Von der Börse Stuttgart zur Caritas-Stiftung

Oliver Hans findet seine Berufung

Nach seinem Abschied von der Börse Stuttgart hat sich Oliver Hans bei der Caritas-Stiftung gut eingelebt. Ratschläge für ein glückliches Leben bezieht der bekennende Katholik gerne aus der Bibel oder von Stoikern.

Oliver Hans findet seine Berufung

spe Stuttgart

Es sind die biblischen Geschichten von den anvertrauten Talenten, die es Oliver Hans besonders angetan haben. In diesen neutestamentlichen Gleichnissen im Matthäus- und Lukasevangelium schildert Jesus einen Herrn, der seine Knechte reich mit finanziellen Mitteln ausstattet und nach einer langen Reise zur Abrechnung ansetzt. Die ersten beiden Knechte haben inzwischen einen Gewinn erwirtschaftet und werden ihren Leistungen gemäß entlohnt. Der letzte Knecht hingegen hat aus Angst vor Verlusten gar nichts investiert und das Geld stattdessen verborgen. Also konnte er auch keinen Gewinn ausweisen, weshalb der Herr in dem Gleichnis ihm das Geld wieder wegnehmen lässt. „Wir haben also die Pflicht, aus unseren Fähigkeiten im Laufe des Lebens etwas zu machen“, schlussfolgert daraus Oliver Hans, Geschäftsführer der Caritas-Stiftung Stuttgart, der dieses Narrativ auch auf sein Leben bezieht.

Verwunderung über Wechsel

Bekanntlich hatte der heute 58-Jährige zum 1. Mai 2023 den Sessel des Geschäftsführers bei der Baden-Württembergischen Wertpapierbörse mit dem bei der Caritas-Stiftung Stuttgart getauscht, was mancher am Finanzplatz Stuttgart mit Verwunderung registriert hatte – nicht zuletzt, weil ein solcher Wechsel auch mit einer spürbaren Gehaltseinbuße einhergegangen sein dürfte.
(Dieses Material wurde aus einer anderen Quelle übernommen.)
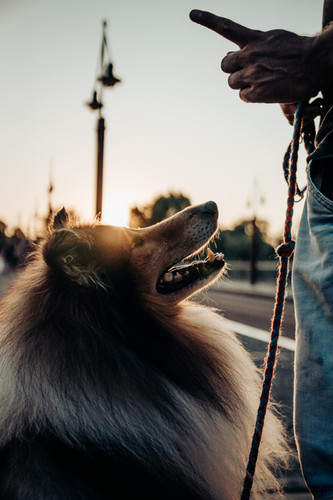 A Hund Is A Scho - Hundeschule Manuel Krupa Hundetrainer München | Manuel Krupa | A Hund is a scho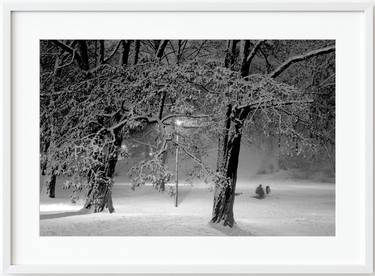 A park near the Polish Hill, winter, Wrocław, Poland, 2005 thumb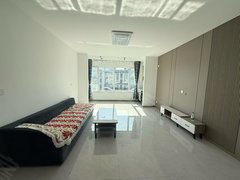 伊犁伊宁市伊宁市开发区印象江南 3室2厅2卫 130平 电梯房 精装修 可拎包入住出租房源真实图片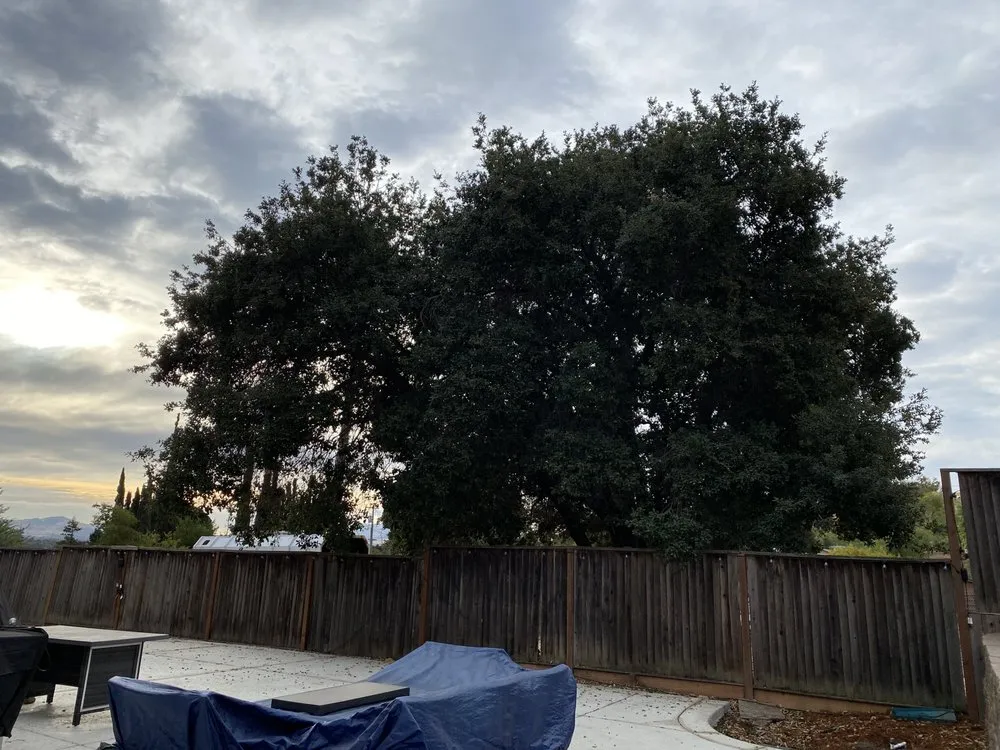 Professional lawn care service experts serving Concord, CA - Timberland Tree Care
Den bekennenden Katholiken ficht dies freilich nicht an. Sicher, bei der Börse Stuttgart, wo er im September 2002 eingetreten war und großes Ansehen genoss, hatte er „eine tolle Zeit“, unter anderem als Leiter der Handelsüberwachungsstelle. Aber seit seinem Wechsel könne er einer Arbeit nachgehen, die in Zusammenhang mit seinem christlichen Glauben stehe.

Schließlich zählt es im neuen Job zu seinen wesentlichen Aufgaben, als Treuhänder mehrerer Stiftungen und Stiftungsfonds ein Gesamtvermögen von knapp 100 Mill. Euro zu verwalten. 65% stecken davon in Immobilien, der Rest in Wertpapieren und liquiden Mitteln, die er mithilfe von mehreren depotführenden Banken anlegt. Die Anlagerichtlinien geben ein Mindestrating von „BBB+“ vor.
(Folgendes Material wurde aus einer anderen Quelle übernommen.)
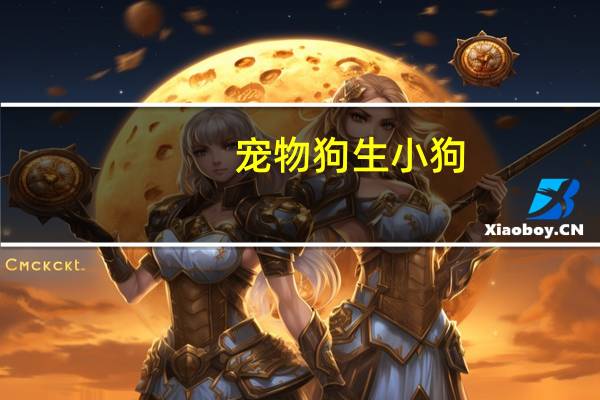 宠物狗生小狗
Korridor oder feste Aktienquote

Dass er eine Aktiengrenze von maximal 25% beachten muss, findet der studierte Volkswirt nicht optimal. Er hätte hier gerne mehr Handlungsfreiheit, um bei einem steigenden Aktienmarkt nicht unbedingt verkaufen zu müssen – nur weil das Aktienportfolio die vorgegebene Quote übertroffen hat. „Ein Korridor könnte die Lösung sein“, sagt Hans mit Blick auf den Stiftungsrat, bei dem er sich gerne Rat holt – und auch gerne bekomme.
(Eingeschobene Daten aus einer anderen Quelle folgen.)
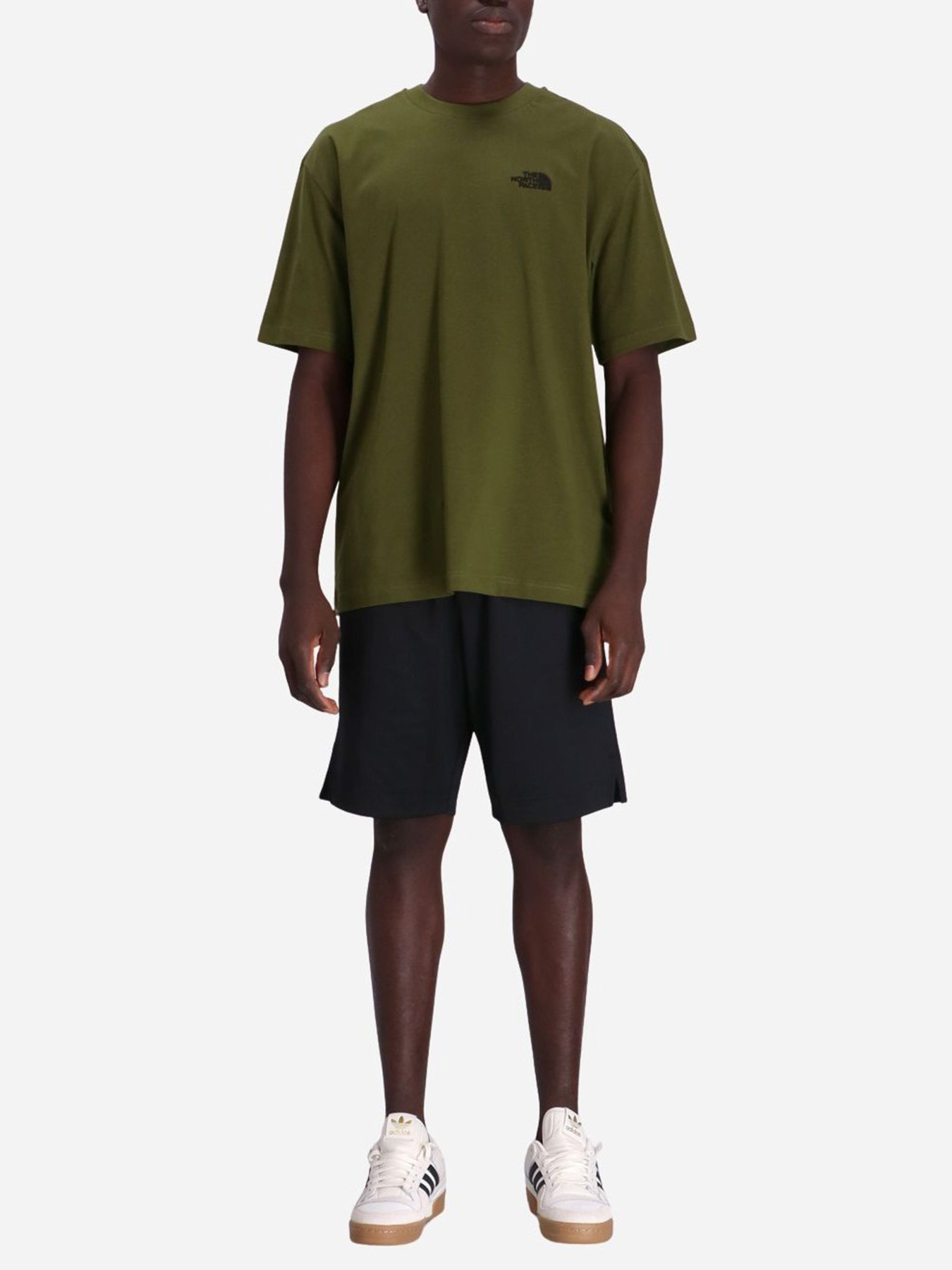 Футболка The North Face Oversized Simple Dome модель NF0A87NRPIB1 Фото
Die Mittel, die mit dem Stiftungsgeld erwirtschaftet werden, dienen unter anderem der Schaffung von Wohnraum für sozial bedürftige Menschen und Personen mit Behinderungen. Während der Niedrigzinsphase sei es nicht immer leicht gewesen, Rendite zu erwirtschaften. Aktuell sieht er die Aktienindizes als heiß gelaufen an, es gehe aber auch nicht runter – „weil zu viel Liquidität am Markt ist“.

Gelassenheit dank Stoikern

Seit einigen Jahren befasst sich Hans mit den Stoikern wie Seneca oder Marc Aurel, die mit ihrer stoischen Philosophie auf eine Ganzheitlichkeit der Welterfassung abzielten. Es geht dabei viel um emotionale Selbstbeherrschung, aber auch Gelassenheit und Seelenruhe. Letztere scheint Hans bei der Caritas-Stiftung tatsächlich gefunden haben, sagt er doch von sich selbst, noch nie eine solch glückliche Phase in seinem Leben gehabt zu haben wie derzeit.